Morphological skills seem to be not as straightforward as phonological awareness in terms of cross-language transfer. Wang, Cheng, and Chen showed reverse transfer in that English compound awareness was a significant predictor of Chinese character reading among Chinese-English bilingual children from grades 1 through 4 in the U.S. Chinese compound awareness did not explain a significant variance in English word reading, however. Similarly, Pasquarella, Chen, Lam, Luo, and Ramirez (2011) found using structural equation modeling that English compound awareness predicted Chinese reading comprehension in Chinese-English bilingual children of first to fourth graders in Canada. However, the same effect was not found on Chinese word reading, although a bidirectional relationship between English compound awareness and Chinese vocabulary was found. Pasquarella et al. (2011) explained that the structures of the languages and writing systems of the two languages were likely to determine the direction of transfer. However, Cheung et al. (2010) showed in a study of Hong Kong children in kindergarten, grade 2, and grade 4, that Chinese compound awareness accounted for a significant variance in English word reading and that English compound awareness did not account for a significant variance in Chinese character reading.

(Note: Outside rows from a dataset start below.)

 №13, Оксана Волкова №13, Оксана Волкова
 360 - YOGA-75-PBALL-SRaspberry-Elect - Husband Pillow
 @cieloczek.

The direction of transfer might also depend on the relative proficiencies of the languages involved and the language-learning context because Chinese is a more dominant language for Hong Kong children, while English is likely to be a more dominant language for Chinese-English bilinguals in the U.S. and Canada. These findings suggest that cross-language transfer occurs from a more dominant language to a weaker language in Chinese and English. A longitudinal study shows more complicated results. Luo et al. (2014) examined both cross-sectional and longitudinal cross-linguistic relationships between morphological awareness and word reading in both Chinese and English among Chinese-English bilinguals. They found that English compound awareness predicted Chinese word reading through a mediator of Chinese compound awareness. However, longitudinal cross-language contributions were significant neither from English morphological awareness to Chinese word reading nor from Chinese morphological awareness to English word reading.

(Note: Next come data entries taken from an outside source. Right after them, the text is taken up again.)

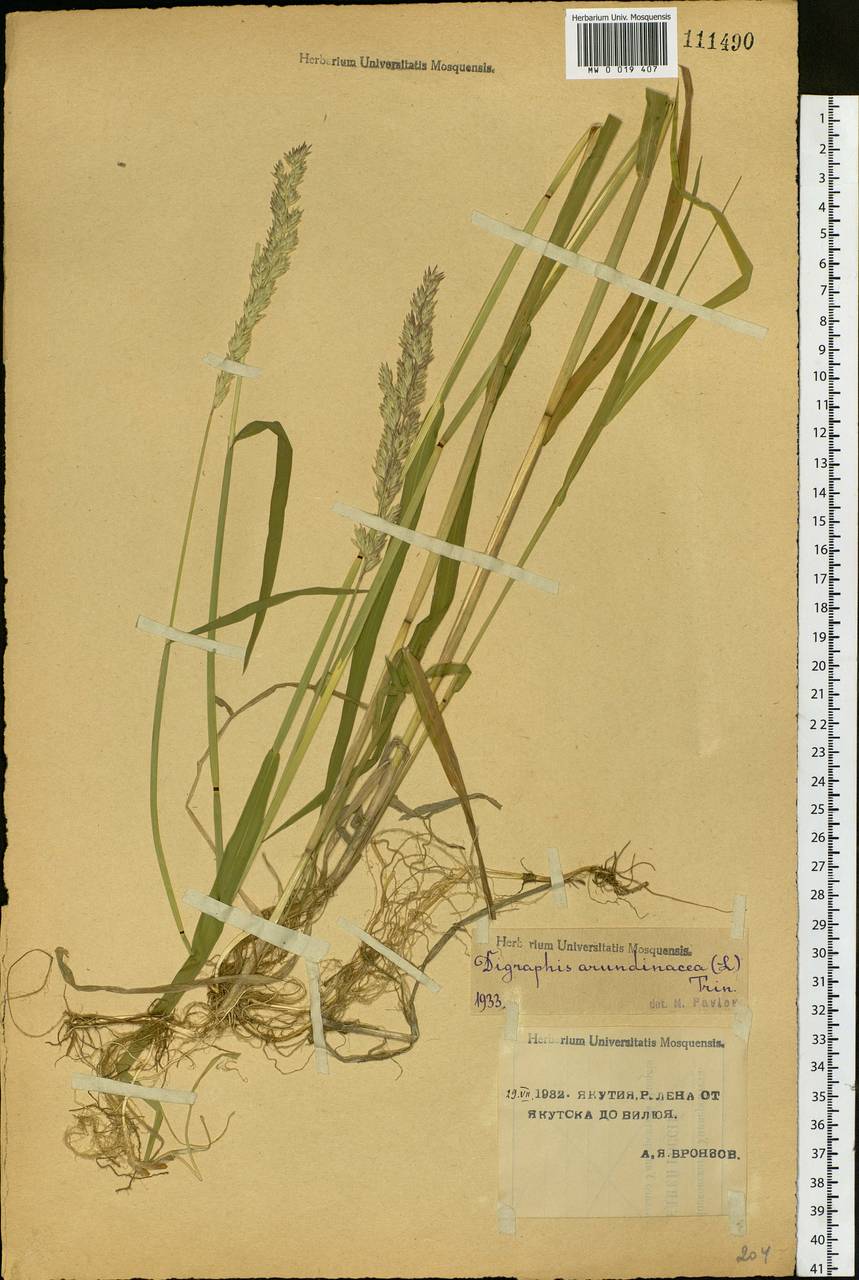 Phalaris arundinacea L., Siberia, Yakutia (S5) (Russia)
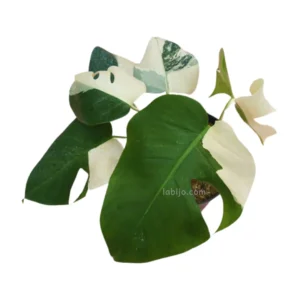 Monstera Albo Var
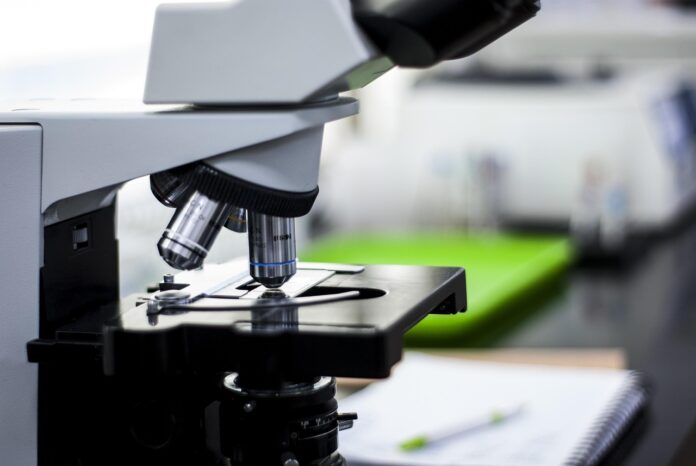 microscopio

Wang, Ko, and Choi also examined the contribution of morphological awareness to Korean and English reading skills after controlling for phonological awareness among Korean-English bilingual children. Morphological awareness was measured using a derivational morphology task in both Korean and English as parallel measures. Bilingual children completed a sentence based on a prompt provided. For example, when the prompt farm was provided, the child was to complete the sentence “My uncle is a _____” (farmer). An equivalent measure was constructed in Korean to assess the comparable skills. Results showed that the morphological awareness of derivational structures in L1 uniquely accounted for a significant variance in reading real words in L2. The significant forward transfer from L1 Korean to L2 English as well as backward transfer from L2 English to L1 Korean suggest that morphological awareness facilitates word reading across alphabetic writing systems even in different scripts.

A further study on the function of morphological awareness in Korean and English was carried out with adult Korean-English readers. Ko, Wang, and Kim (2011) investigated whether adult Korean-English bilingual readers would activate the constituents of compound words of L1 while processing L2 compound words by decomposing the constituents. The results of lexical decision tasks showed that the recognition of L2 English compound words was more accurate than that of compounds translated into Korean. They concluded that morphological decomposition and cross-language activation occurred concurrently in bilingual reading of compound words.

A study of cross-language priming effects on the processing of derived words was conducted with Korean-English bilingual adults (Kim, Wang, & Ko, 2011). Strong evidence for the cross-language activation of morphological structures was observed such that L1 morphological structures were elicited to process L2 morphological stimuli. Kim and Wang (2014) conducted a follow-up study to further examine the time course involved in the cross-language activation of constituent morphemes in Korean-English bilingual readers, using a similar masked priming experiment with three prime durations (36, 48, and 72ms). Results showed that, when derived real words of Korean were used as primes, participants’ response times were significantly faster on the corresponding English L2 translated word stems at all prime durations. However, derived Korean pseudoword primes (i.e., an illegal combination of a stem and a suffix) showed a significant priming effect on English L2 word stems only at longer prime durations (48 and 72 ms). These results suggest that the cross-language activation of constituent morphemes occurs very early in bilingual reading. The lexicality factor plays an important role in the time course of decomposing L1 morphologically complex words. While an analysis of supra-lexical information is involved in early morphological processing in bilingual readers, a sub-lexical analysis is involved in the later cross-language activation of morphemic information.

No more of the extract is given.